Under the current regulations of the Supplemental Nutrition Assistance Program (SNAP), states have a relatively wide degree of flexibility to decide who qualifies for the program and the ability to issue waivers allowing people to do things like own a car so they can drive to a job and still enroll in food stamps.
States can also automatically enroll children into free school lunch programs if their family is also enrolled in the food stamp program, but the Trump regime aims to remove all of that flexibility and kick up to 3 million people off the program.
Teachers and education experts who testified in front of the House Oversight Committee yesterday say about 1 million children will be kicked off automatic free lunch as a result of the change.
The four people who testified Thursday said that a proposed Agriculture Department rule change to the Supplemental Nutrition Assistance Program, or SNAP, was a fundamental misunderstanding of a regulation known as broad-based categorical eligibility, or BBCE. As of now, states are allowed to waive asset tests — ignoring whether recipients have a car, assets or savings — and raise gross income eligibility limits.

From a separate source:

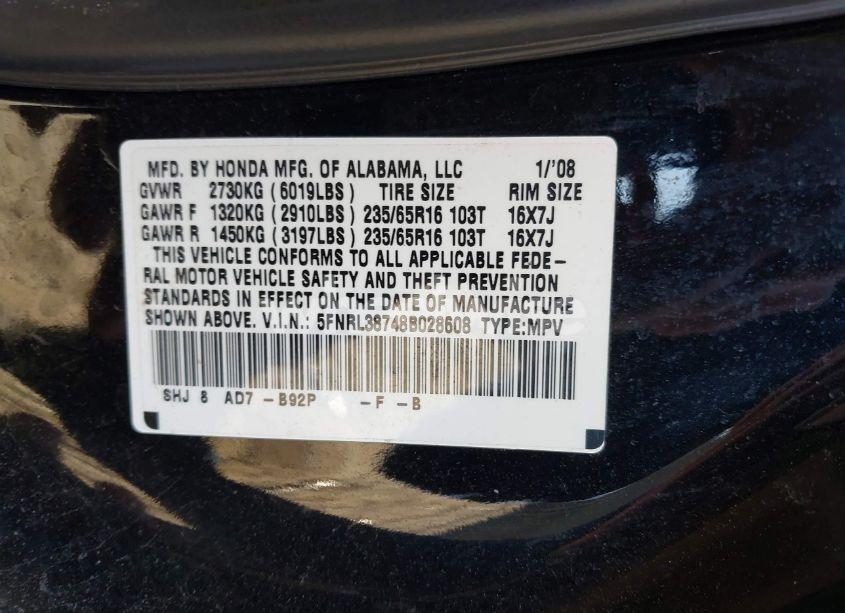 Photo 9 of 2008 Honda Odyssey EX-L (VIN 5FNRL38748B028608)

Currently, a family of three can qualify for SNAP if they earn 130 percent of the federal poverty level, or $27,700, or if states raise that to 200 percent, $40,840. The Agriculture Department proposes to do away with that state flexibility.
Critics argue that eliminating BBCE would limit states' flexibility to address their unique populations, leave more than 3 million people without access to food through SNAP and cause nearly a million children to lose their automatic enrollment in the national school breakfast and lunch programs.
This is contradictory policy from the Trump regime that illustrates that cruelty is the point.
The Trump regime has spent over $20 billion on bailouts for the American agricultural industry so far, but that's also what the food stamp program is. The SNAP program is not just a social welfare program; it's also a stimulus program for the agricultural industry. Every dollar spent on foods stamps results in nearly two dollars of economic activity that flows from grocers to farmers.
To say that we're going to spend tens of billions bailing out farmers and then cut the food stamp program exposes the fact that it's not about costs; it's not about saving money. The federal government is spending money like it's going out of style right now and running up a deficit that could reach $1.3 trillion in fiscal 2021 according to the Congressional Budget Office.
This is social engineering from a regime that believes the poor deserve to go hungry while Republican-voting farmers are literally paid not to plant anything in some cases.